## Supplied material:
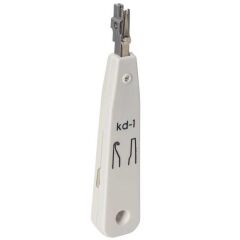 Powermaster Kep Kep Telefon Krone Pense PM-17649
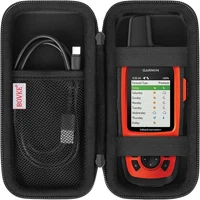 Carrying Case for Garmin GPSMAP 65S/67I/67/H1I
---
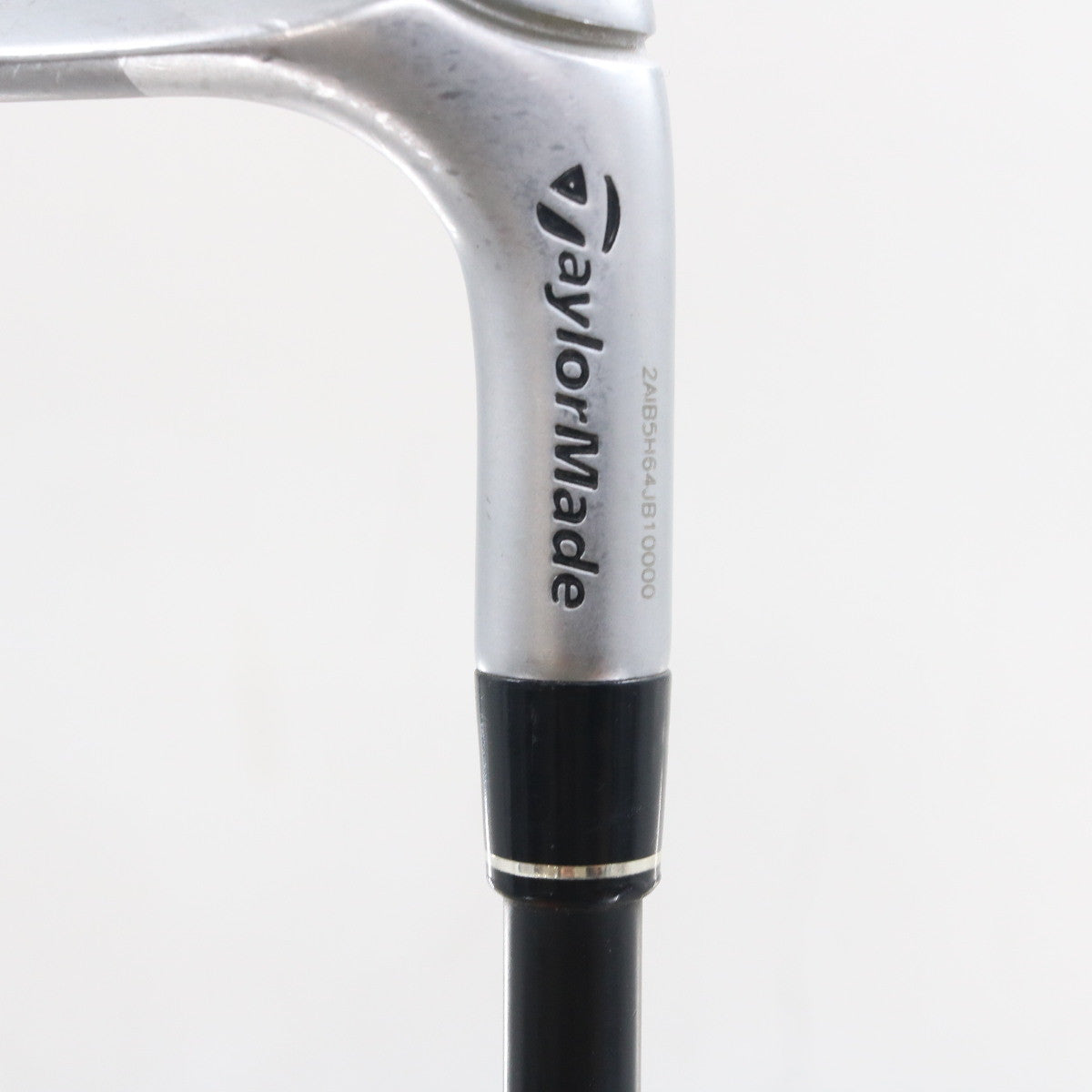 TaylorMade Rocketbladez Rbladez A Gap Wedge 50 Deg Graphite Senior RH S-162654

## Work to complete:
Keep to the lines above from the line with "Powermaster Kep Kep" to the line with "Carrying Case for", and set down exactly those, inclusive, with nothing else and every picture left out.

## Solved problem:
 Powermaster Kep Kep Telefon Krone Pense PM-17649
 Carrying Case for Garmin GPSMAP 65S/67I/67/H1I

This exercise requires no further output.